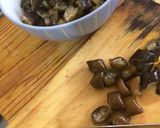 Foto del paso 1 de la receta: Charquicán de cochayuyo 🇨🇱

■ ■ ■ ■ ■

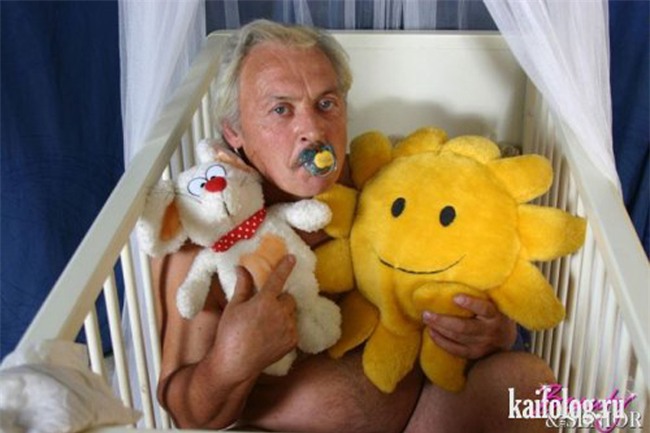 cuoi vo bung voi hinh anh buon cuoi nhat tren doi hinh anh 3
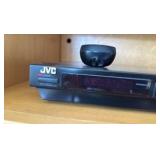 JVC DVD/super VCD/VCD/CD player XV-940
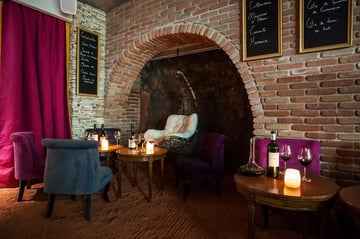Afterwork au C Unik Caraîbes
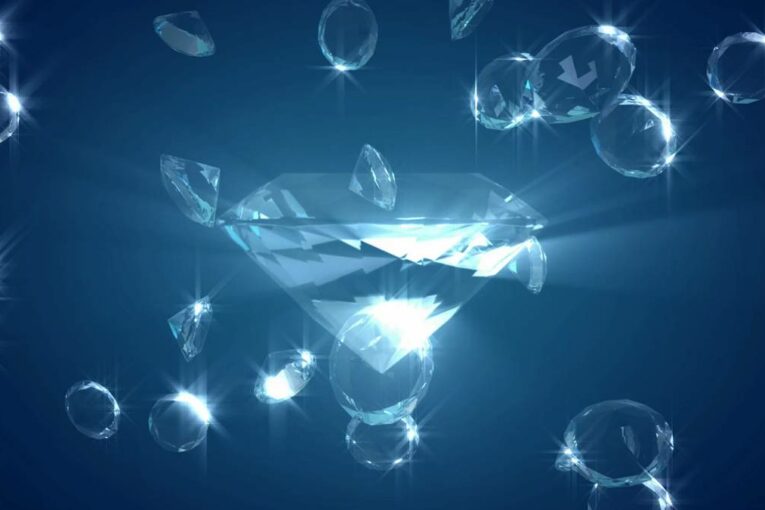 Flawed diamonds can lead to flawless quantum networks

■ ■ ■ ■ ■

**INSTRUCTIONS TO FOLLOW:**
Looking at the listing above, which lines run from the one containing "cuoi vo bung" through the one containing "Flawed diamonds can"? Print exactly those, ends included, pictures excluded.

**WRITTEN RESPONSE:**
 cuoi vo bung voi hinh anh buon cuoi nhat tren doi hinh anh 3
 JVC DVD/super VCD/VCD/CD player XV-940
Afterwork au C Unik Caraîbes
 Flawed diamonds can lead to flawless quantum networks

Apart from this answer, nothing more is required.